Amazon will not reopen HQ2 search
Amazon chose to split HQ2 between the burgeoning riverside neighbourhood and Crystal City in Arlington, Virginia – close to Washington DC – following a highly sought battle between cities across North America.
In the statement, the company adds that it does not plan to reopen the search, and will focus on developing the Virginia hub and a new operations centre in Nashville, Tennessee.
The multibillion-dollar company had promised to provide New York and Virginia with $2.5 billion (£1.92 billion) and more than 25,000 new jobs.
The Amazon LIC deal, however, triggered a major backlash from local officials on account of the major incentives offered by New York governor Andrew Cuomo and mayor Bill de Blasio. These were expected to total $1.525 billion (£1.17 billion), which would be nearly triple the $573 million (£440 million) offered by Arlington County.
Multibillion-dollar company awarded tax breaks in LIC deal
State senator Michael Gianaris, who represents Queens neighbourhoods including Long Island City, and city council member Jimmy Van Bramer organised a protest on 14 November 2018, the day after the deal was announced. A joint statement issued by the pair, also outlined their "serious reservations" about the project.
Controversial agreements in Amazon's deal with New York City included plans for tax credits equalling $48,000 (£36,921) for each of the 25,000 jobs, estimated to have an average salary of $150,000 (£115,380).
The major retailer was also in line to receive a $325 million (£254 million) cash grant from the Empire State Development Corporation – a New York organisation that promotes business investment and support local economies.
Cuomo and de Blasio championed the idea that HQ2 would boost the surrounding area, with Amazon promising to include spaces for a tech startup, and artist and industrial businesses in its development, as well as a primary or public school.
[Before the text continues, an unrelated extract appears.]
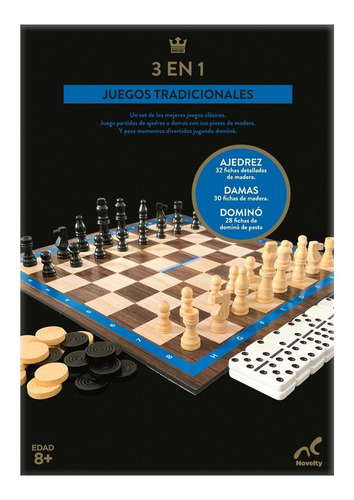 Set Juegos Clásicos 3 En 1 Ajedrez/damas/domino Novelty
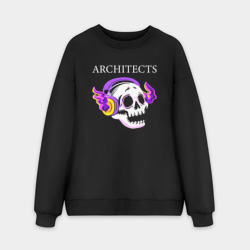 Мужской свитшот oversize без начеса хлопок Architects - неоновый череп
Concerns HQ2 could exacerbate New York rents and infrastructure
But many were concerned about the wider impact such a large project would have on the city. In an Opinion column for Dezeen, Alan Brake said it would only exacerbate New York City's already stretched infrastructure, cramped public spaces and sky-high rents.
It was also unclear if jobs would be offered to New York locals – an issued highlighted by Alexandria Ocasia-Cortez, US representative for the city's 14th congressional district, in a series of tweets.
Amazon's hunt for the HQ2 site to accompany its first in Seattle began in September 2017, with the aim to find a metropolitan area with over one million occupants, within 45 minutes of a major airport and near to a highway.
A shortlist of 20 cities vying for the project was announced at the beginning of last year. At the time, Aaron Betsky flagged that that HQ2 might not offer as many benefits as competitors originally thought in an Opinion column for Dezeen.